Schnell prägte sich der 25. April als "Nelkenrevolution" in das Gedächtnis der Menschen ein: Die Soldaten, die das faschistische Regime ohne Blutvergießen stürzten, steckten Nelken in ihre Gewehrläufe und an ihre Uniformen. Der Tag der Befreiung markiert heute eines der bedeutensten Ereignisse in der Geschichte des Landes. Die Menschen in Portugal waren auf einmal frei. Sie waren frei, zu denken und frei, in der Öffentlichkeit zu sagen, was sie wollten - ohne dabei Konsequenzen fürchten zu müssen.

Das Land öffnete sich nach fast 40 Jahren Diktatur. Fast vier Jahrzehnte lang hatten die Herrschenden ihre Macht darüber gesichert, dass sie den Portugiesen keinen freien Zugang zu Informationen ermöglichten. Zudem ging der Machtanspruch auf Kosten des Bildungswesens und des Wohlstandes im Land. Die Menschen waren arm und suchten Zuflucht im Glauben an die katholische Kirche. Die Revolution markierte das Ende des "Estado Novo" (Neuen Staates), Westeuropas ältester Dikatur - und sie markierte die Geburt der Demokratie.

Tatsächlich ist Portugal nun schon genauso lange eine Demokratie wie es ein faschistisches Regime hatte. Doch wie konnte es überhaupt dazu kommen? Wie konnte es in Portugal über so viele Jahre eine faschistische Diktatur geben, wo sich doch die gesamte westliche Welt weiterentwickelte und die Menschheit es sogar auf den Mond geschafft hatte? Der Grund dafür liegt im Kalten Krieg: Die autoritäre Regierung in Portugal wurde aufgrund ihrer anti-kommunistischen Haltung von der NATO geduldet.   
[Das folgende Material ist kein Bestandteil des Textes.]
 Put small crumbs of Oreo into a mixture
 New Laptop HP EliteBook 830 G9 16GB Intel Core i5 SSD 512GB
Ein faschistisches Regime ohne Blutvergießen gestürzt

Es gab zwei geheime Signale, die schließlich zum Putsch führten: Zunächst lief Paulo de Carvalhos "E Depois do Adeus" im Radio, abends um fünf vor elf. Damit nahm Portugal am 6. April 1974 am Eurovision Song Contest teil. Der Song war das Zeichen für die rebellierenden Militärs und ihre Soldaten, mit dem Putsch zu beginnen.
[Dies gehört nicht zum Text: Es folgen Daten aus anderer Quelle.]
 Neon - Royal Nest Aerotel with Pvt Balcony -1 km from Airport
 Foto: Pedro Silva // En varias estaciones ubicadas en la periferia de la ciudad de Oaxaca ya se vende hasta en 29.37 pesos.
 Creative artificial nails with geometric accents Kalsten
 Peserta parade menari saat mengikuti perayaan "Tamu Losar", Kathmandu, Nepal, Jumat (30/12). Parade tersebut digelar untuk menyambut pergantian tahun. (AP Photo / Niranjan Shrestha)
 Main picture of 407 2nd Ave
Und dann, am 25. April 1974 nachts um zwanzig nach zwölf, spielte Rádio Renascença "Grândola, Vila Morena". Ein Lied von Zeca Afonso, einem politisch einflussreichen Volksmusiker und Singer-Songwriter, der in Frankreich im Exil lebte. Das war das finale Signal des "Armed Forces Movement" (MFA, Bewegung der Streitkräfte), die Schalthebel der Macht einzunehmen. Sie "verkündete" die Revolution und machte klar, dass sie nicht zu stoppen war - es sei denn, das Regime gebe auf. 

Obwohl die Soldaten die Bevölkerung im Radio immer wieder aufforderten, zuhause in Sicherheit zu bleiben, gingen Tausende Portugiesen auf die Straße und mischten sich solidarisch unter die aufständischen Militärs. Einer der zentralen Orte, wo sich die Menschen zusammenfanden, war der Blumenmarkt in Lissabon mit seinem großen Angebot an Nelken, die damals Saison hatten. Einige Soldaten steckten die Blumen schließlich in ihre Gewehrläufe - ein Bild, das um die Welt ging.  
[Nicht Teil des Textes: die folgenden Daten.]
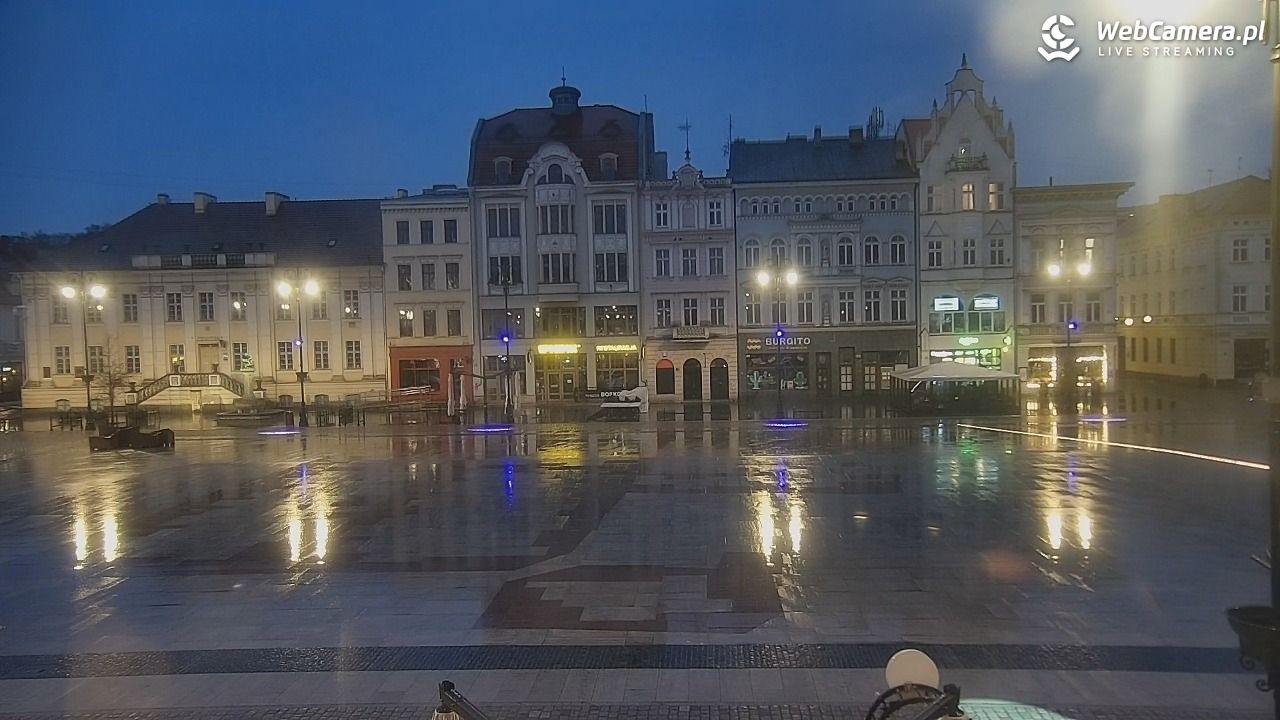 Bydgoszcz - widok na Rynek - 05 kwiecień 2026, 19:46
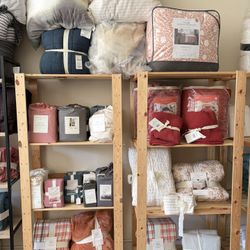 Casaluna And threshold target bedding!! $75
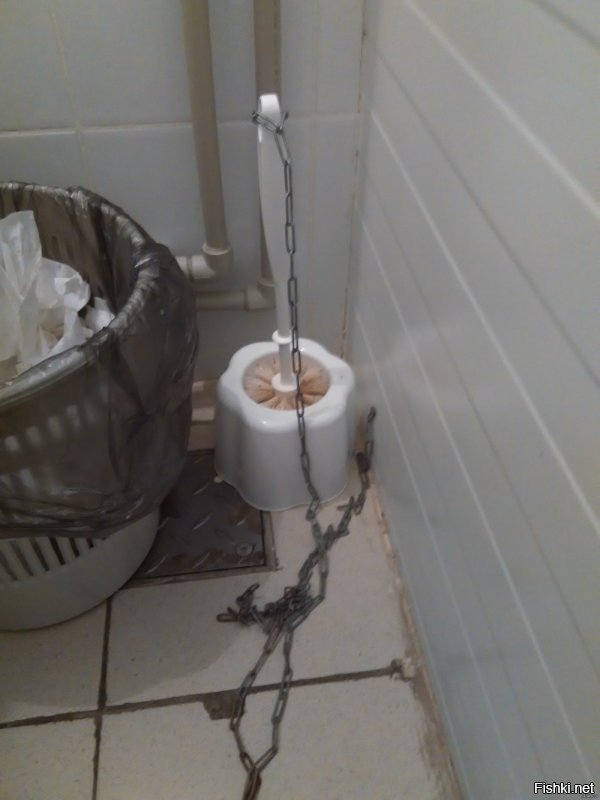 В туалете на Молодечненском заводе мыло привязывают веревкой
Obwohl es im Vorfeld des Putsches keine Massendemonstrationen gegeben hatte, kam es nun zu spontanem Mitwirken der Bevölkerung. Damit wurde der Militärputsch zu einem Ereignis mit unerwartetem Zuspruch der Portugiesen. Der Diktator, Marcello Caetano, flüchtete in die zentrale Polizeistation Lissabons am Largo do Carmo. Die MFA umstellte das Gebäude und zwang ihn, seine Macht an General Spínola abzutreten. Damit war die Diktatur beendet.